What is some practical advice you can give to people interested in being scientists?
Three things that I would say are the most important: having that drive and intellectual curiosity for doing science, finding ways to have opportunities to have research experiences, and being in connection with a mentor that's there to support you. With those three things, that's the key to early success. All of them are equally important.
If you're not excited about what you're doing, it is very hard to become a scientist. You should hopefully be excited about the possibility of doing science. A lot of career transitions require research experience. So being able to do that early, even as a high school student, is really critical. And mentorship is also key. It doesn't necessarily need to be the mentor that you interact with every day; it could be a mentor that is not directly affiliated with your research project or even a mentor that's outside of your university. But having someone that can help guide you through the process is really important.
Are there any stumbling blocks or roadblocks you can advise people to avoid?

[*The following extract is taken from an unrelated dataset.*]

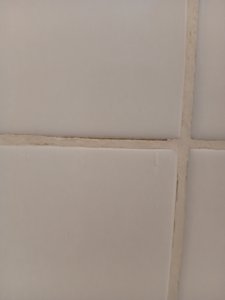 IMG_20260630_093820.jpg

A big stumbling block that I still struggle with and would say a lot of scientists struggle with is this feeling of imposter syndrome. I feel like science is probably one of those areas where being humbled is something that you experience on a day to day basis. There's never a lack of feeling humbled. It almost comes to be an extreme in that people really do doubt themselves. I feel that has been my major stumbling block at times—really trusting I have the skills. Especially as an underrepresented scientist, it gets to be so much worse because you look all around you and there’s definitely not faces that look like you. You start to question whether you're going to be able to make it or not. It does require me to go out of my comfort zone in order to reach out for help.
Having that community is especially important because this is a common experience for all scientists, pretty much. Knowing that you're not the only one struggling with this feeling of being an imposter is a way to help you get through those struggles. One current group that I'm working with is called the Community of Scholars. We work together on research papers and talk about the struggles of developing community, getting effective mentorship, dealing with imposter syndrome, all common struggles. If you're ever experiencing this as a scientist, know that you're not alone.
“Knowing that you're not the only one struggling with this feeling of being an imposter is a way to help you get through those struggles.”
Where are your future aspirations?
Within the next five years I hope to have a faculty position at a research institution where I'm also training scientists. Because I'm a person of color, I will specifically gear myself towards making sure that I can help other scientists of color advance as well. I look forward to helping other people pursue their own scientific ideas. I look forward to seeing science become more equitable; that would be an amazing accomplishment.
What is the legacy that you want to leave behind?
Looking back at the end of everything and being happy about how I've improved science and helped others get into science would probably be the biggest thing, probably even more than the scientific ideas themselves. It would be great if I could do both, but as long as I improve the process of becoming a scientist for others, that would be amazing. I hope I could impart a little bit of that legacy at every step in this process. Maybe within the next 10 years if I could train two people. That would be exciting for me.
A part of this is remembering where I come from and how rare or how improbable it was for me to leave a country that was going through genocide to now being a scientist. It's just not something that I would have ever predicted. I guess that's why I'm really open to what the end goal looks like. It already has been so much.